### Exercise requirements:
Repeat every entry word for word, but leave the images out of your copy.

### Dataset records:
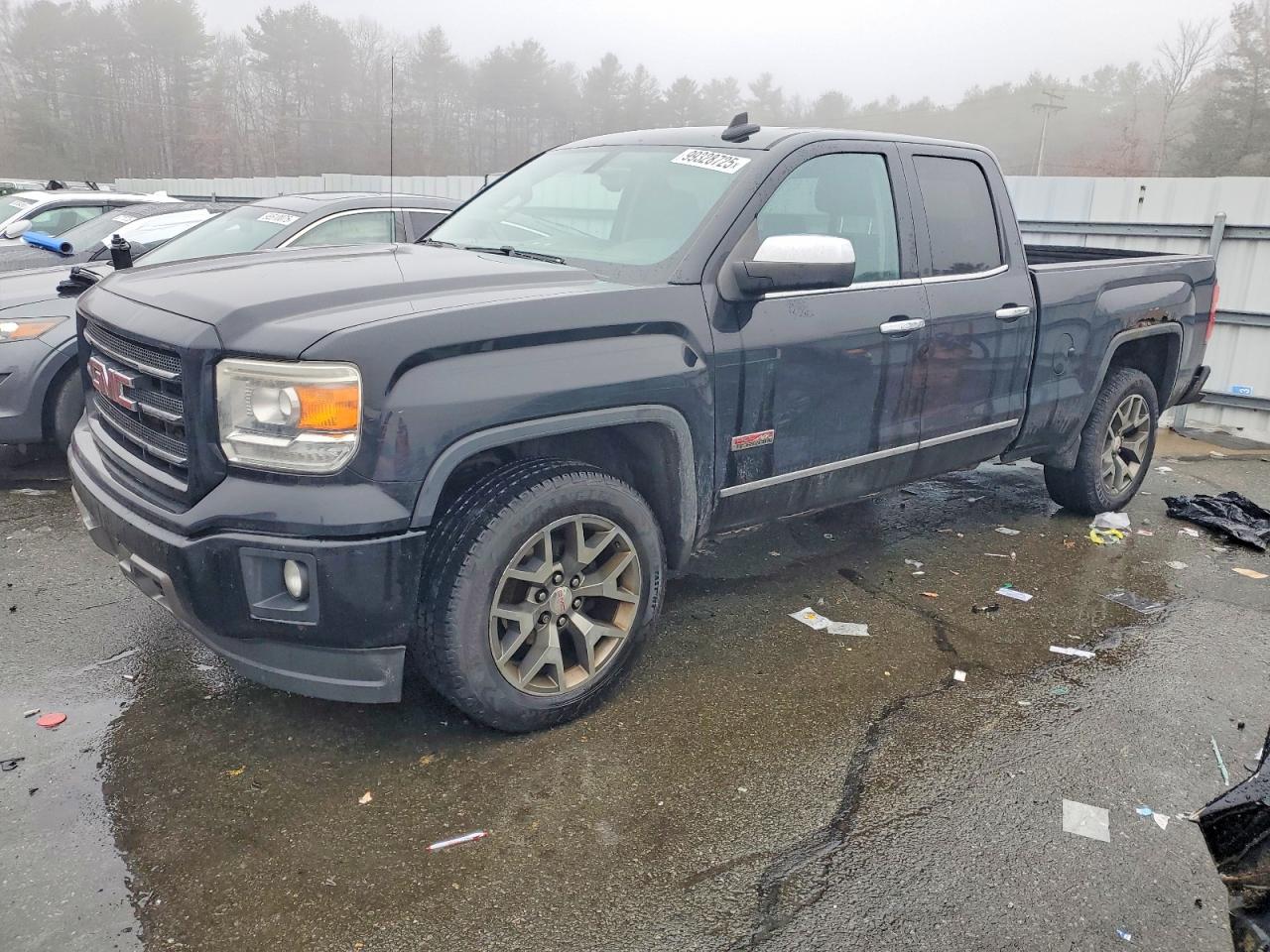2015 GMC SIERRA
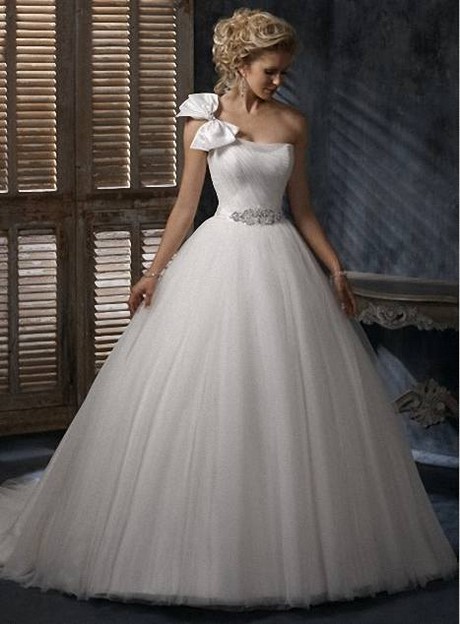 Robe princesse blanche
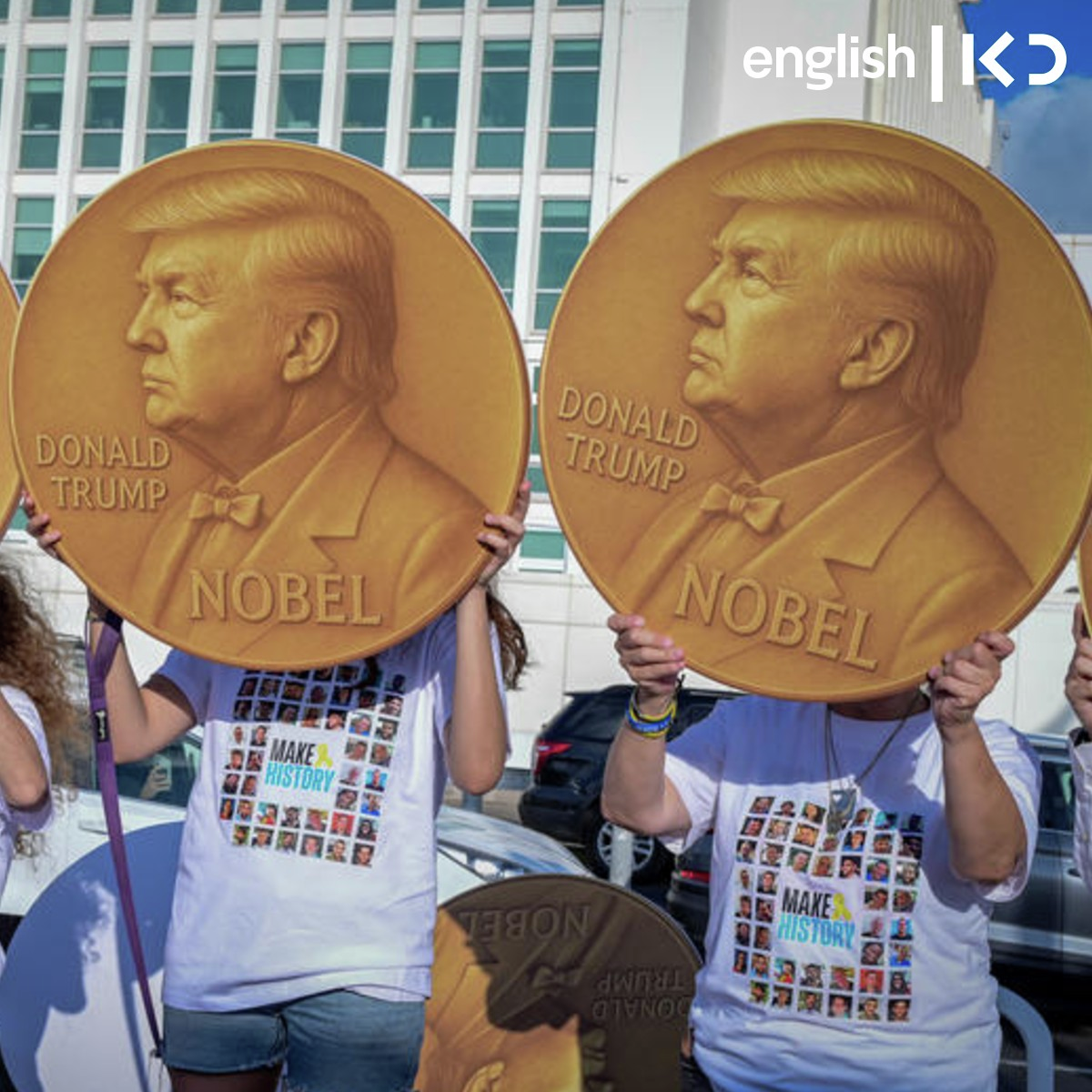 Marc Zell: Trump's impact is regional, and deserves Nobel Prize episode artwork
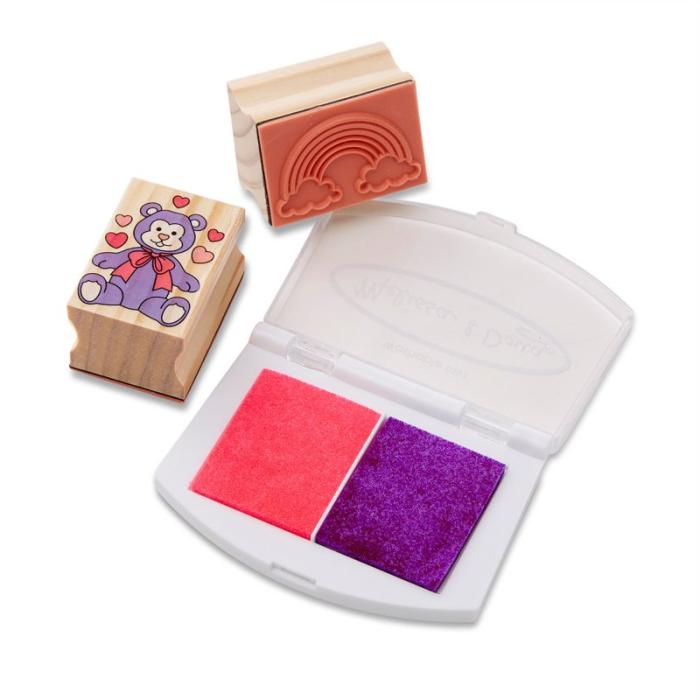MND - MND Stämplar Friendship Stamp Set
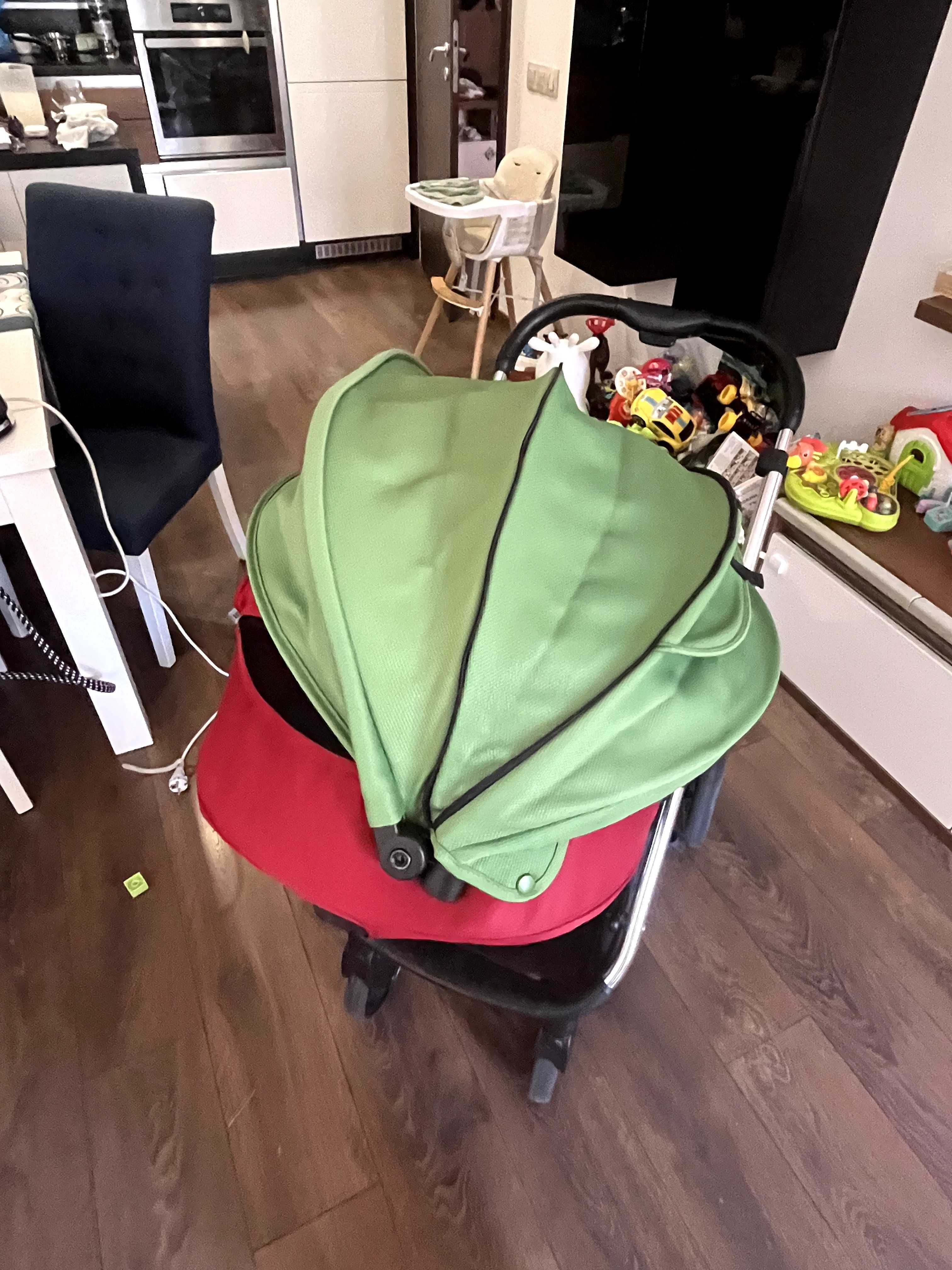 Детска количка iCandy Lime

### Answer section:
2015 GMC SIERRA
 Robe princesse blanche
 Marc Zell: Trump's impact is regional, and deserves Nobel Prize episode artwork
MND - MND Stämplar Friendship Stamp Set
 Детска количка iCandy Lime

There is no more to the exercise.